### TASK DETAILS
With pictures removed, the data below should be returned exactly.

### SUPPLIED INFORMATION
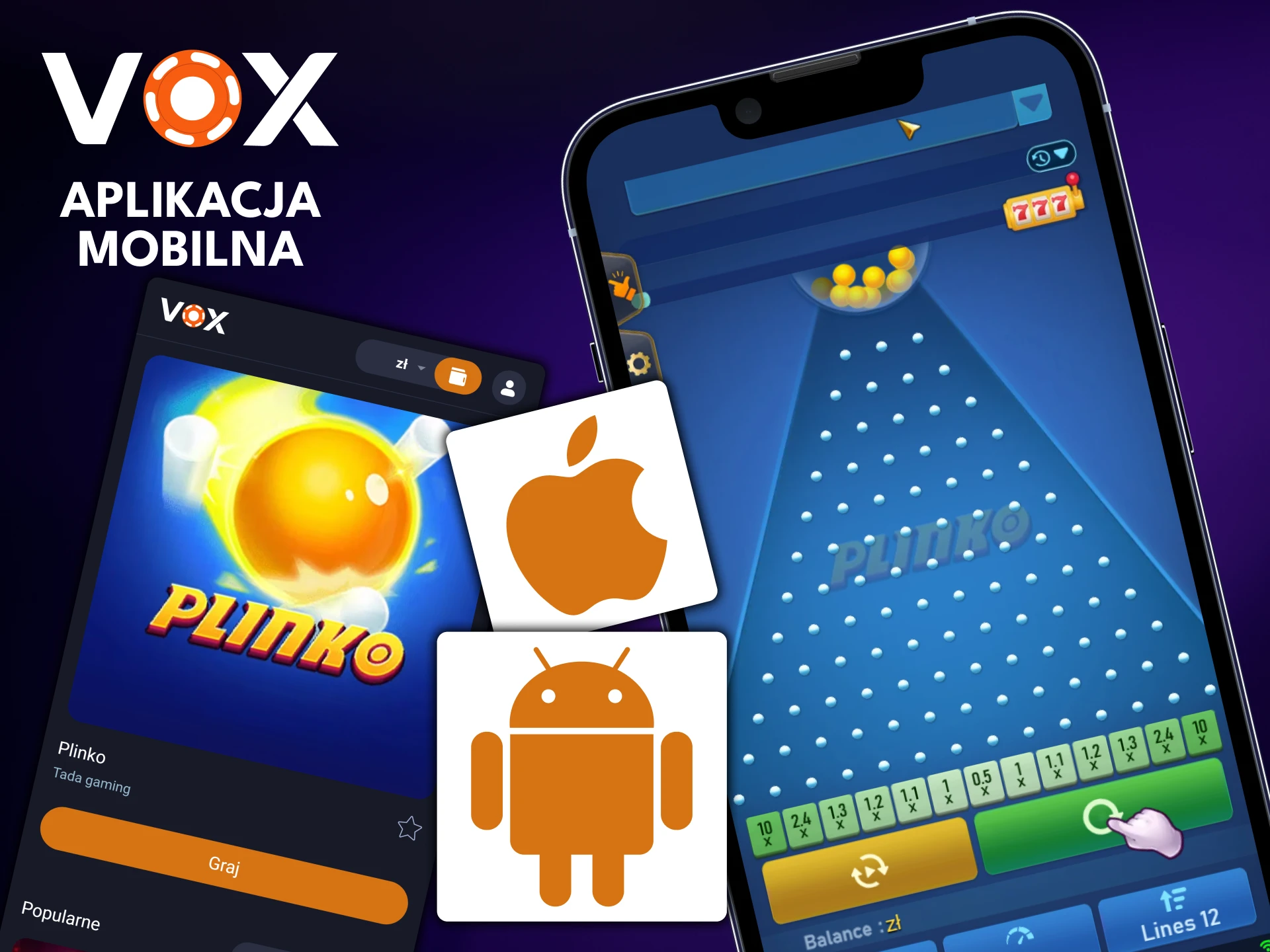 Zagraj w grę Plinko w aplikacji VOX Casino.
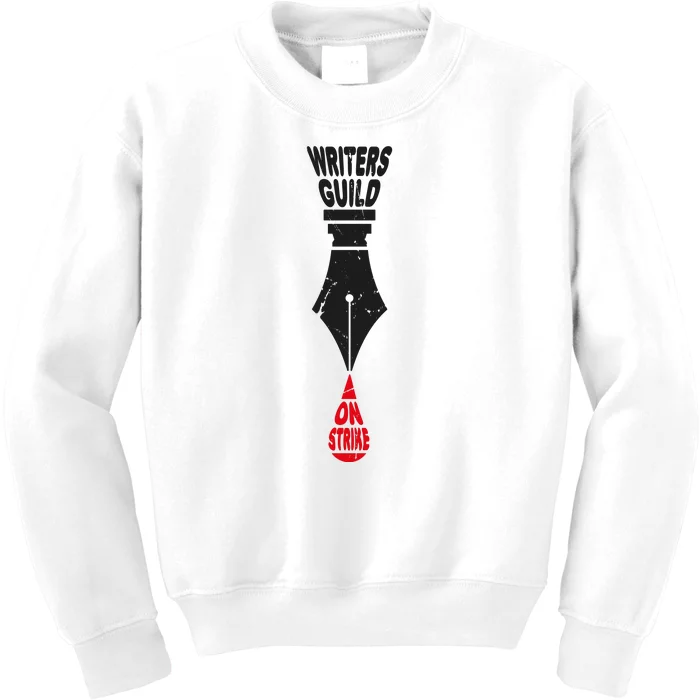 Writers Guild Of America On Strike Anti AI Chatbots WGA Kids Sweatshirt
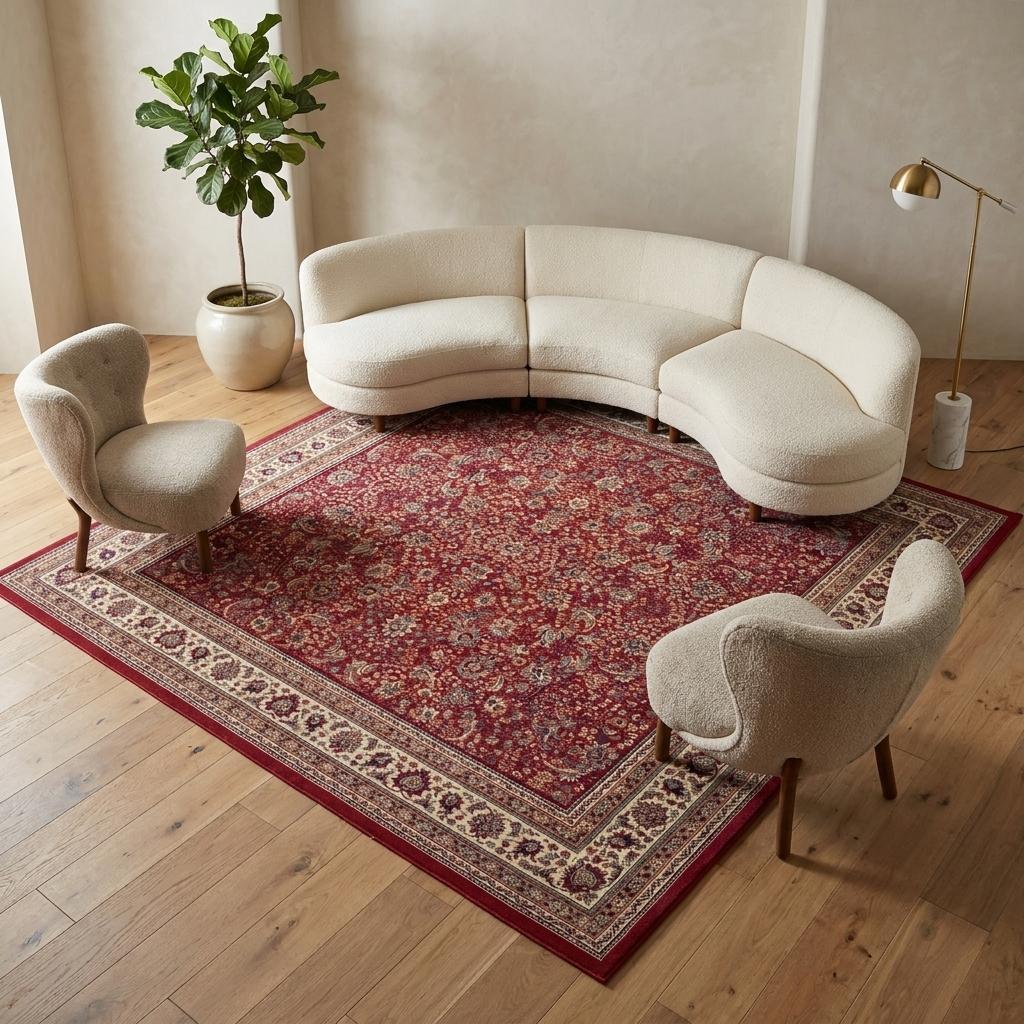 574136 8 ft. Red & Ivory Oriental Square Rug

### ANSWER TO THIS TASK
 Zagraj w grę Plinko w aplikacji VOX Casino.
 Writers Guild Of America On Strike Anti AI Chatbots WGA Kids Sweatshirt
 574136 8 ft. Red & Ivory Oriental Square Rug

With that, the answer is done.